Я впервые видел плачущего пожилого мужчину, и мне стало не по себе. Я только что пришел из школы и ждал, по обыкновению, когда мне скажут:
— Ёрка, сидай-ба обедать.
Но на этот раз никто меня не пригласил. Неонила Федоровна кинула нож, стала отсасывать кровь из порезанного пальца, болезненно и зло морщась. Фая побледнела, даже розовые бутончики на ее лбу мигом выцвели. Аникий огненно поблескивающими глазами презрительно смотрел то на отца, то на сестру.
— Ну чего ты, Матюша? И не совестно? Как дите малое, — строго упрекнула Неонила Федоровна. — Что там у тебя сверзилось?
Матвей Кузьмич скрипнул зубами, взмахнул кулаком:
— Маркиашка… С-сукин сын… Собачье мясо… Не отдал деньги за молотьбу. Сказал: ты, дескать, пьянствовал, хлеб погноил мне, зерно пустил с половой в мешки, а я тебе платить буду? Убирайся, говорит, а то вытурю в шею. А? Маркиашка… Меня, казака… — Матвей Кузьмич всхлипнул и из зажмуренных глаз его покатились прямо на усы крупные слезинки. — Я месяц на его току работал… двести десятин обмолотил… А он — ни копейки… Как же это, Нилушка… Аника, сынок…
И Матвей Кузьмич вновь шумно задышал, заскрипел зубами.
— А ты у атамана был, батя? — сверкнув глазами, спросил Аникий.
— Был. Да что толку! Атаман говорит: в суд подавать надо. А что — суд? Чтоб судиться, молотилку надо продавать… Зараз без денег никто ничего не высудит. Все деньги, что с Маркиана получить надо, и просужу.
— Ладно. Сидай обедать. Ёрка, садись, — пригласила и меня к столу Неонила Федоровна.
Матвей Кузьмич впервые не сел за стол, подхватив с пола шапку, вышел. Обед отмахали ложками в тягостном молчании. Аникий ни над кем не подшучивал, ожесточенно хлебал остывший борщ.
А перед самой полуночью Матвей Кузьмич явился вдрызг пьяный. Он едва держался на ногах и самыми срамными словами поносил «кожедера» и «кровопивца» Маркнашку. С этого и пошло. Начался у Матвея Кузьмича запой — страшный, безумный. Теперь уже не безобидный медный стаканчик утолял его горючую неутолимую жажду, а бутылка за бутылкой, купленные в хуторской «казенке».

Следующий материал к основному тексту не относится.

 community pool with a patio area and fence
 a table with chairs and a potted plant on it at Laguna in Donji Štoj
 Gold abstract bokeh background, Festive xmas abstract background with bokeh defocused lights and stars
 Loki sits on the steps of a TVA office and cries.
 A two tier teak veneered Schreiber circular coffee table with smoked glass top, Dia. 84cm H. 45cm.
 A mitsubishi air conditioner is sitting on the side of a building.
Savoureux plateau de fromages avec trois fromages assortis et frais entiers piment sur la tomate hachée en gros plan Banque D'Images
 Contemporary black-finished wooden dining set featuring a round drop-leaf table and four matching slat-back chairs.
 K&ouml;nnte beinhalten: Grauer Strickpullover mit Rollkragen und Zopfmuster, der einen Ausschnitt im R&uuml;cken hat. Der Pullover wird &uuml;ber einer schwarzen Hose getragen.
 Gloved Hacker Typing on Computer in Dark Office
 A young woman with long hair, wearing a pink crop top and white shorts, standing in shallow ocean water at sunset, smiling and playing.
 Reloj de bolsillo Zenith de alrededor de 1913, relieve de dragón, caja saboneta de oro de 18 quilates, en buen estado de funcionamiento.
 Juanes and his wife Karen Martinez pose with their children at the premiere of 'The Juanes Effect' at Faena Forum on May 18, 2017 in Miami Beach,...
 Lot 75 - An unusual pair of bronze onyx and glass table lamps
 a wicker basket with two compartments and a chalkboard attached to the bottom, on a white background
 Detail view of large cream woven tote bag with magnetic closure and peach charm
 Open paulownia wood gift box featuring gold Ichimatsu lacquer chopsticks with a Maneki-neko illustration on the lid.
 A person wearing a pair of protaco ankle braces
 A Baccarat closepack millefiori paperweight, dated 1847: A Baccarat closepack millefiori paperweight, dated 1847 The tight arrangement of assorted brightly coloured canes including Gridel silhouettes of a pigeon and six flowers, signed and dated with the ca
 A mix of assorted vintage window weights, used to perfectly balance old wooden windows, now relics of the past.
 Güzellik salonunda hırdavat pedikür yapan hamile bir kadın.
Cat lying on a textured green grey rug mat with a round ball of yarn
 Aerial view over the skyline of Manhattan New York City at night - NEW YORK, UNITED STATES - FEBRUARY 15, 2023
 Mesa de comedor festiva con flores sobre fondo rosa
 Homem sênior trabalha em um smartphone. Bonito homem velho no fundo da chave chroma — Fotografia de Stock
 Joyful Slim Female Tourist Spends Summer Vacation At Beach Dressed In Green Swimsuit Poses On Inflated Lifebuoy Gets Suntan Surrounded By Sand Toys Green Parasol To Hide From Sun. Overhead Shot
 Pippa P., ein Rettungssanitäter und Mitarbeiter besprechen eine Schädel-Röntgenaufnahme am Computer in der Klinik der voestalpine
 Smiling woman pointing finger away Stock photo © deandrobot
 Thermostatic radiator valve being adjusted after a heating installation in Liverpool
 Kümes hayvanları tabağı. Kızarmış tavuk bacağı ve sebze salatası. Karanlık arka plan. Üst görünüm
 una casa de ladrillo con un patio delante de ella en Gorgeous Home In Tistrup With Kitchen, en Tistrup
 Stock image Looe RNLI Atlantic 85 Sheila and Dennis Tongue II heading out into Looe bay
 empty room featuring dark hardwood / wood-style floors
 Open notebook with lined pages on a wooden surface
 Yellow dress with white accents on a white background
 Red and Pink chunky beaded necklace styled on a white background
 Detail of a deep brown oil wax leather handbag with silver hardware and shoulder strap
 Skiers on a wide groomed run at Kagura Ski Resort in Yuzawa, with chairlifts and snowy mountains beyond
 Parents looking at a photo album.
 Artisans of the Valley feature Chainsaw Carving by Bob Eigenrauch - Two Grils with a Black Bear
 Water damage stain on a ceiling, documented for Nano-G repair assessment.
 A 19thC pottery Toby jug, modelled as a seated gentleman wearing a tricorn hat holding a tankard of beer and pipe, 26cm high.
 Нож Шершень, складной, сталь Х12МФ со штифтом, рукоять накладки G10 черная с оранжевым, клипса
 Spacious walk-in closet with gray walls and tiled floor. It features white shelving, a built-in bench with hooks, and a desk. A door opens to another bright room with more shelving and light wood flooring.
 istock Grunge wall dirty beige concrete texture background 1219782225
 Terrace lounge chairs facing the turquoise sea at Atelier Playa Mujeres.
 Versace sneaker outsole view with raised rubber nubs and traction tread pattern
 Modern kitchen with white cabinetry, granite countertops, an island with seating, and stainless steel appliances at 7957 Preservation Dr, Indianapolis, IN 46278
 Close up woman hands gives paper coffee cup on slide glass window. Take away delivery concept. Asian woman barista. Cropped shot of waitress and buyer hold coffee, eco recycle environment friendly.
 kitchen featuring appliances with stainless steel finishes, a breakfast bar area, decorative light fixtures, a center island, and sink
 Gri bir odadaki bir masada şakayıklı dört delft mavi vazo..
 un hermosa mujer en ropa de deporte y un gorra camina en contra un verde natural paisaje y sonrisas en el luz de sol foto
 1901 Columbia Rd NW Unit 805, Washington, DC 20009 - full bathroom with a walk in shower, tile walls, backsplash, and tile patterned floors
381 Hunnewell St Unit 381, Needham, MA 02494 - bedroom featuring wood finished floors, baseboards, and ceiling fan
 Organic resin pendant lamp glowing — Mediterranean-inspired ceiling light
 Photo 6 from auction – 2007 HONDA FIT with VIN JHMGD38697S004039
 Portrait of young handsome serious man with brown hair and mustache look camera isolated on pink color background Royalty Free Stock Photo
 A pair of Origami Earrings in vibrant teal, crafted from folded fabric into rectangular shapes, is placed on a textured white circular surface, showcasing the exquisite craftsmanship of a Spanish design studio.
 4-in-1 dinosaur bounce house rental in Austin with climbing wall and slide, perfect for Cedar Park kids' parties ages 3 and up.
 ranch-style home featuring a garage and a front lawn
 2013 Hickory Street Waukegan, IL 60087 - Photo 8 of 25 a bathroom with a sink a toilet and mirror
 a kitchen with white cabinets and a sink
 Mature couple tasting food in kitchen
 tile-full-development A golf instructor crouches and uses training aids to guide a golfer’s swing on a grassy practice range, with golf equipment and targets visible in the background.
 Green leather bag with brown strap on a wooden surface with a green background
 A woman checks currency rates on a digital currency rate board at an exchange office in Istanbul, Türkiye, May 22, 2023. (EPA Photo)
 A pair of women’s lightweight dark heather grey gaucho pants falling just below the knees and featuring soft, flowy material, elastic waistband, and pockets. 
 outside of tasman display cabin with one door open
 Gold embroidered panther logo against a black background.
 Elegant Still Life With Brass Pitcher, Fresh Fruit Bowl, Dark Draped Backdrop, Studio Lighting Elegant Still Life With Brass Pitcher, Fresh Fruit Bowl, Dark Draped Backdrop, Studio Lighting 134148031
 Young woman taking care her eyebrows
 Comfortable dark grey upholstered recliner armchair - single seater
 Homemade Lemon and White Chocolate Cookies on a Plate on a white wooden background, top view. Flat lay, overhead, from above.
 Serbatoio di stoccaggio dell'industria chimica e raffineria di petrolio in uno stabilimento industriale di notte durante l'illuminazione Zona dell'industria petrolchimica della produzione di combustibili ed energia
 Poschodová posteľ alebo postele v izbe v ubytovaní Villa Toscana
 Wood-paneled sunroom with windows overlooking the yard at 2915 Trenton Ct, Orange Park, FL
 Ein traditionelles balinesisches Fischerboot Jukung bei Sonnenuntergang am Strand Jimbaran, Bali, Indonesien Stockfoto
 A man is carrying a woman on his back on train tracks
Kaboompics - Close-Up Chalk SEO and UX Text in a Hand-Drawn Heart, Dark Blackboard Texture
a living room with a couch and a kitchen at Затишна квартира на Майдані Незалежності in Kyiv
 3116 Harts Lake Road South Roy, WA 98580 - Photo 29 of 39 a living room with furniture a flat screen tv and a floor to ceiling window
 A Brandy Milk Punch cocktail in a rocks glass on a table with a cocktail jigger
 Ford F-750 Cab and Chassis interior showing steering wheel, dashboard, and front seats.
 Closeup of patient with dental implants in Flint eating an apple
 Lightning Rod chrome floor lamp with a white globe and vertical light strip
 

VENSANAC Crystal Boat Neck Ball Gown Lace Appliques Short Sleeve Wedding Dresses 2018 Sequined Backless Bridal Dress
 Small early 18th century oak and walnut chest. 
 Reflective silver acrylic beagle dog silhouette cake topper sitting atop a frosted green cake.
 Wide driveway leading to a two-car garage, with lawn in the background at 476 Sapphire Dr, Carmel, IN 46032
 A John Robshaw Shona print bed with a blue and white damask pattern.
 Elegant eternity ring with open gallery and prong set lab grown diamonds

Рыбин пропадал вне дома днями и ночами. Неонила Федоровна, Аникий и работник Трофим находили его то в принадлежащем тому же Маркиану Бондареву хуторском грязном трактире с музыкой и бильярдом, то в пивной вблизи майдана, то среди кутящих, пропивающих улов рыбаков, то под забором, на улице.
Матвея Кузьмича привозили домой на линейке мертвецки пьяного, часто босого, в одном белье, вывалянного в грязи и трактирной скверне. Укладывали в постель, а на утро он опять исчезал.
Его пытались связывать полотенцами и смоляными рыбацкими бурундуками, тогда он жалобно призывал свою Нилушку, плакал, клялся, что «росинки в рот не возьмет», что это в последний раз. Аникий развязывал его, а ночью, когда все, измученные борьбой и уговорами, засыпали глубоким сном, Рыбин удирал через окно…
В одну из таких ночей исчез граммофон вместе с трубой и горкой пластинок, потом оказалось. — Матвей Кузьмич снес его за долг в трактир тому же Маркиану, затем пропала плюшевая кофта Неонилы Федоровны, прюнелевые башмаки Фаи…
Но все это еще не было так страшно, пока до Неонилы Федоровны и Аникия не докатились слухи, что Матвей Кузьмич сидит в трактире Бондарева и составляет запродажную на молотилку. Это уже была катастрофа…
Рыбинчиха тотчас же побежала к атаману. Двое полицейских, таких же опустившихся от безделья пожилых казаков, привели Матвея Кузьмича в правление. Атаман пригрозил засадить его на пять суток в тюгулевку, но тут же подумал, что сажать казаков только за пьянство будет слишком смелым самоуправством. Другое дело, когда они нарушают порядок и выступают против священной особы государя, против войскового атамана или царских законов…
Атаман хорошо знал Матвея Кузьмича и не раз пользовался в молотьбе его услугами. Он пустился в пространные уговоры, стал упрашивать его вернуться домой и вновь начать трезвую жизнь.
Матвей Кузьмич слушал, склонив лохматую голову, и вдруг, вскочив, пошатываясь на расслабленных многодневной пьянкой ногах, крикнул:
— Ты, господин атаман, Маркиашку-жулика сначала уговори, чтоб отдал мне долг, его в тюгулевку засади, а не меня!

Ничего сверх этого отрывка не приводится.